Reserve Bank Governor Graeme Wheeler says from October 1 banks will be subject to restrictions on high LVR housing mortgage loans. Banks will be required to restrict new residential mortgage lending at LVRs of over 80% to no more than 10% of the dollar value of their new housing lending flows. Due to exemptions the effective figure is expected to be about 15%. In recent months the Reserve Bank says banks have been doing about 30% of their new residential mortgage lending via high LVR loans.
'1-3 percentage points drop in credit growth'
Meanwhile, the Reserve Bank says a lack of data and previous experience with LVR restrictions in New Zealand makes it difficult to estimate the effect on credit growth and house prices.
"However, the Reserve Bank’s modelling, based on current high-LVR mortgage flows, suggests that the proposed calibration could result in 1-3 percentage points lower credit growth for the first year that the restriction was in place."
"This reduction is likely to come about through a combination of slower housing market turnover, reduced house prices and higher average deposits for house purchases. "
The central bank's sector credit data shows residential mortgage growth of $9.3 billion, or 5.4%, to $183.396 billion in the year to June.

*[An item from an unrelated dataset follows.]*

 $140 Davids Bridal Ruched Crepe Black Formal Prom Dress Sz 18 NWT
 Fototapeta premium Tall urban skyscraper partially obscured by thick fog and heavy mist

Its modelling also suggests house price inflation could be 1-4 percentage points lower over the first year, the Reserve Bank adds.
"This reduction is expected to arise from reduced competition for houses, a direct lowering of the price that some purchasers are able to pay, and reduced house price expectations as a result of the restriction."
"For the most part, the international literature tends to suggest that the effect of LVR restrictions could be at the upper end of these indicative ranges in New Zealand, applying LVR restrictions to the flow of new mortgage lending would take a period of time to materially change bank balance sheets. Therefore, the impact of LVR restrictions on banks’ resilience in a housing downturn would depend crucially on how long restrictions had been in place prior to the downturn," says the Reserve Bank.
Further, it suggests, based on internal stress testing models, if LVR restrictions were in place for two years before a severe housing market downturn, they would reduce losses on residential mortgage loans by 10-15%.
'Too complex and costly to target geographic regions such as Auckland'
Exemptions from the LVR restrictions include;
1) loans made under Housing New Zealand’s Welcome Home Loans scheme;
2) bridging loans;
3) the refinancing of existing high-LVR residential mortgage lending; and
4) the transfer of an existing high-LVR residential mortgage loan to another residential property.
The Reserve Bank reiterated that, in principle, LVR restrictions could be targeted to particular geographic regions such as Auckland.
"However, the use of targeted restrictions is not contemplated at this point. Geographic targeting would be administratively complex, and would require difficult decisions to be made defining ‘problem’ areas," says the Reserve Bank.
"Furthermore, feedback to the Reserve Bank’s March 2013 macro-prudential consultation was that exemptions of large categories of borrowers, such as first home buyers, or more targeted restrictions, such as lending to ‘Auckland’, would be more complex and costly for banks to implement, and difficult for the Reserve Bank to monitor and enforce."
Wheeler yesterday said Auckland house prices were up 16%, year-on-year, with Christchurch prices up 10% and prices across the rest of New Zealand up 4%.